Saturday, August 13, 2011

Zardari should use the occasion of Independence Day


Amnesty International Calls on Zardari to Follow Through on Promise of Reform in Pakistan 
Washington, D.C. – Pakistan’s President Asif Zardari should use the occasion of Pakistan’s Independence Day on August 14 to implement legal reforms that would help protect human rights in the country’s conflict-ravaged and impoverished tribal areas, Amnesty International said today. 
On Independence Day in 2009, President Zardari promised to reform laws that currently exclude the citizens of the tribal areas from basic legal protections and disenfranchise them from the country’s political system. 
Millions of Pakistanis in the northwestern tribal areas have for decades lived in a "human rights free zone." They’ve been caught for years between the depredations of the Pakistani Taliban and the brutality of government security forces, while also suffering some of the lowest rates of economic development and access to health care and education. It’s time for the Pakistani government to follow through on its promise of extending basic rights and political participation to them, as President Zardari promised two years ago, Amnesty International urged. 
President Zardari had promised to reform the Frontier Crimes Regulation, a colonial-era law that allows for communal punishment including the destruction of villages and guilt by association, imprisonment without trial, and arbitrary detention at the whim of the government’s political agent. The people of the tribal areas are also excluded from protections provided by the Constitution and national courts. 
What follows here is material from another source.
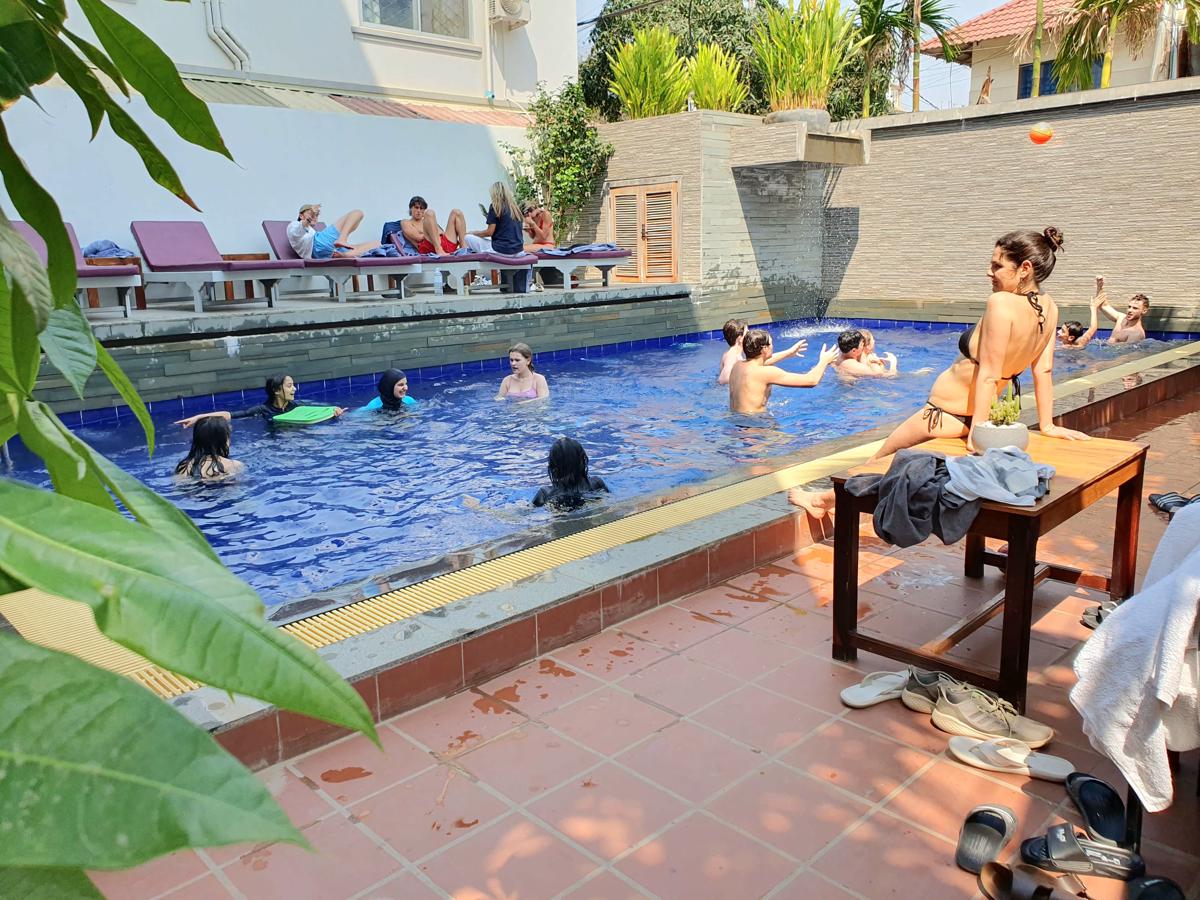 Darling Pub Hostel photo 2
Zardari had also promised to extend the Political Parties Act to the area, allowing the people of the tribal areas to join and establish their own political parties and send their representatives to the National Assembly. This would be an important step towards addressing the political vacuum that has fuelled insurgency in the area. 
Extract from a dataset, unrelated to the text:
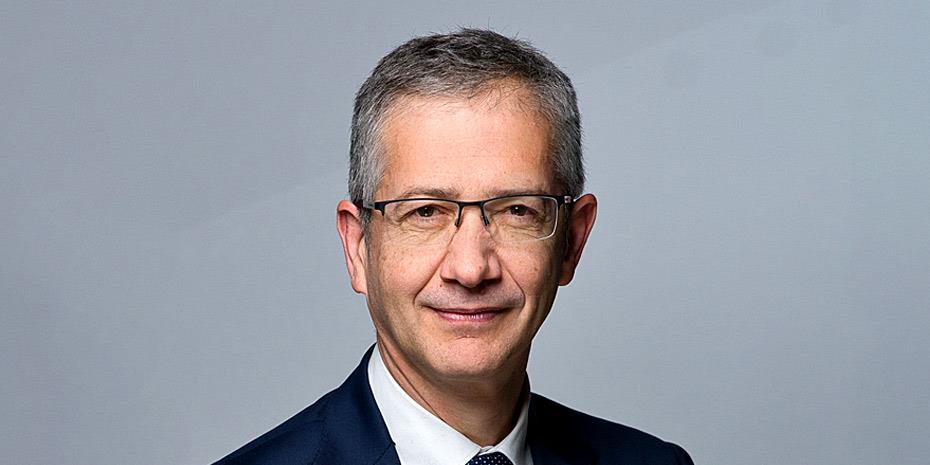 Χερνάντες ντε Κος: Ο Ισπανός τεχνοκράτης που αναδεικνύεται φαβορί για την προεδρία της ΕΚΤ…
As Amnesty noted in its 2010 report on the human rights situation in Pakistan’s northwest, As If Hell Fell On Me,reforming exclusionary laws like the Frontier Crimes Regulation and extending the jurisdiction of the Political Parties Act to the tribal areas are urgently needed to begin the process of addressing the chronic abuses and impunity faced by people there. 
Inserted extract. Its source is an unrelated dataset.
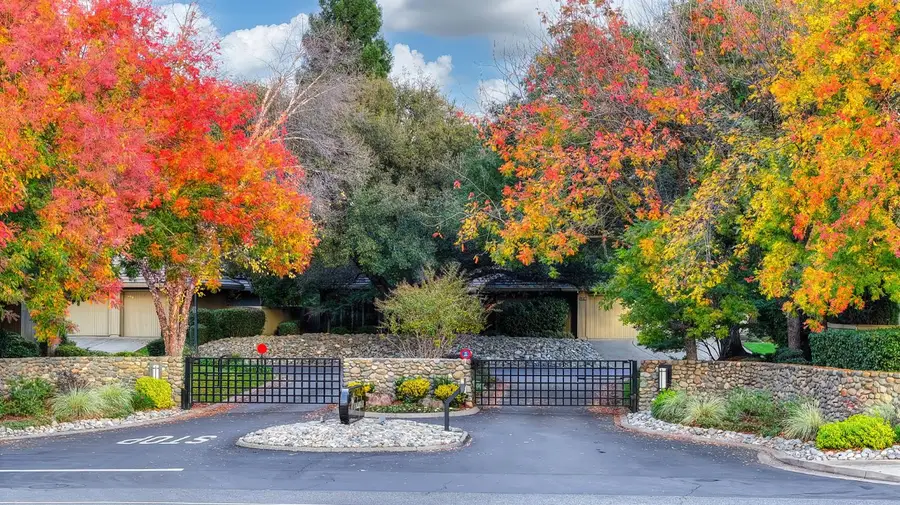 11370 Huntington Village Lane, Gold River, CA 95670 - Image #2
The crisis in northwestern Pakistan is now just one of the many problems facing the country, including escalating abuses in Balochistan, where targeted killings and enforced disappearances implicate both state security forces and non-state armed groups, and daily reports of fresh targeted killings in the city of Karachi. 
Pakistan faces a host of serious human rights problems, and the government has to tackle them each. The conflict in the northwest seems to drive several other important problems, such as massive displacement of people, growing extremist attacks, and religious intolerance. Helping the people of northwestern Pakistan could help the entire country. 
Amnesty International is a Nobel Peace Prize-winning grassroots activist organization with more than 3 million supporters, activists and volunteers in more than 150 countries campaigning for human rights worldwide. The organization investigates and exposes abuses, educates and mobilizes the public, and works to protect people wherever justice, freedom, truth and dignity are denied.